Oshidari, who was appointed to the position in May, said that despite agreements in the Darfur region between the government and part of the rebel army, Sudan's political situation has deteriorated.
"Areas where we provided food last year can no longer be reached due to security reasons. Things have gotten worse," Oshidari said.
Since the defective peace agreement was signed in May, scuffles between rebel factions have created a precarious condition in trying to help the 6.1 million people in immediate need of food assistance.
Twelve local volunteer members have been killed in the last four months and aid delivery trucks been repeatedly attacked by bandits.

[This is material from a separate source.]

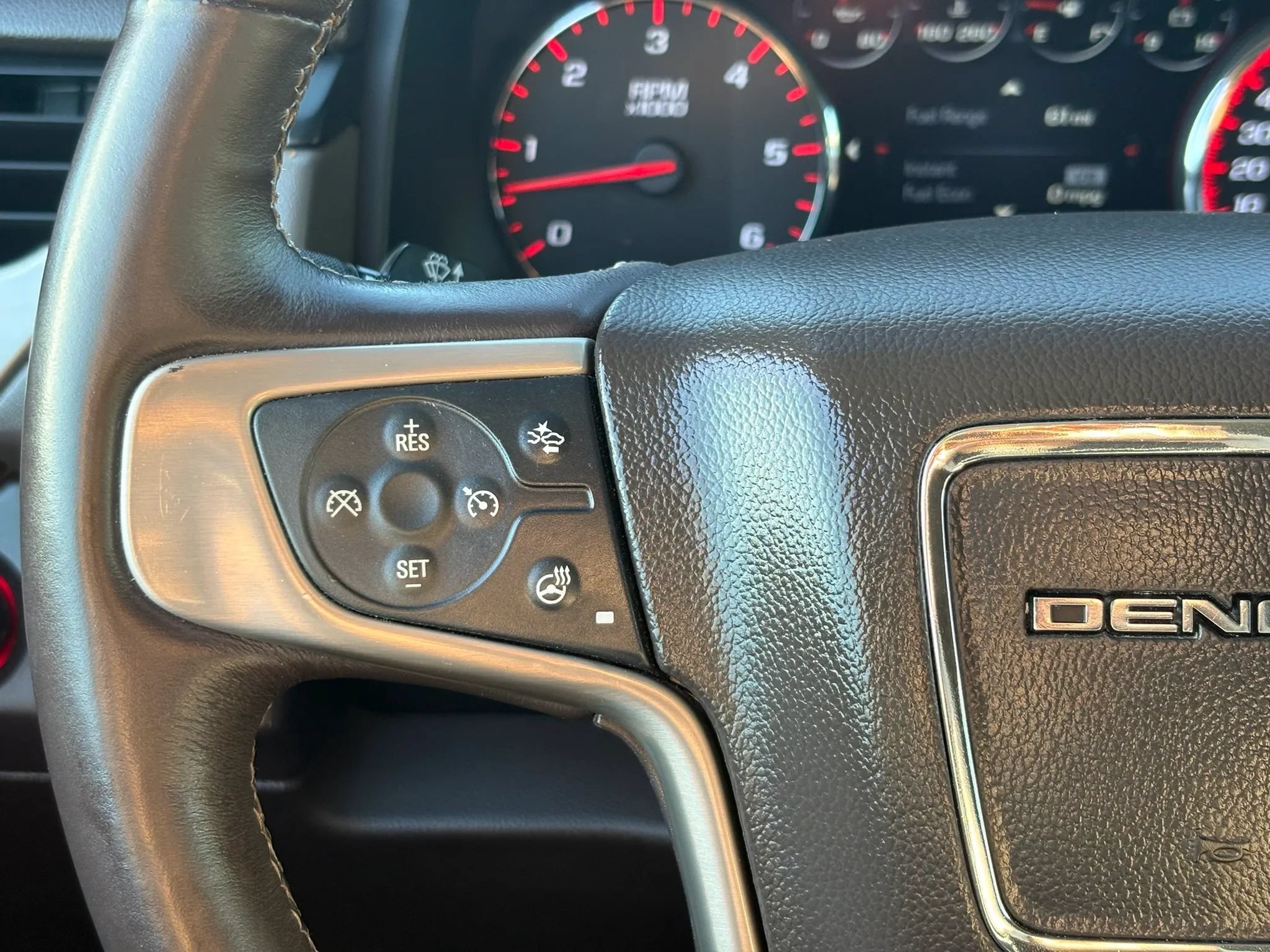 Used 2015 GMC Yukon Denali w/ Premium Package AWD/4WD image 8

According to Oshidari, the program may have no choice but to airdrop food, which will cost more than double the expense of ground transportation. But to do this the WFP will need much more assistance from the international community, including Japan, Oshidari said.
In comparison to the United States, which contributes about half of the annual $960 million needed in Sudan for food aid, road repairs and air services, Japan has donated about $30 million since July 2005.
"The tragic situation in Sudan has not been acknowledged by many Japanese because it hasn't received sufficient coverage by the media," Oshidari said, suggesting additional exposure would help the government and the people give the matter consideration.
"As much as it is important to tell the tragic side of the story, I think it would be significant to show how international aid has actually helped the people of Sudan," he added.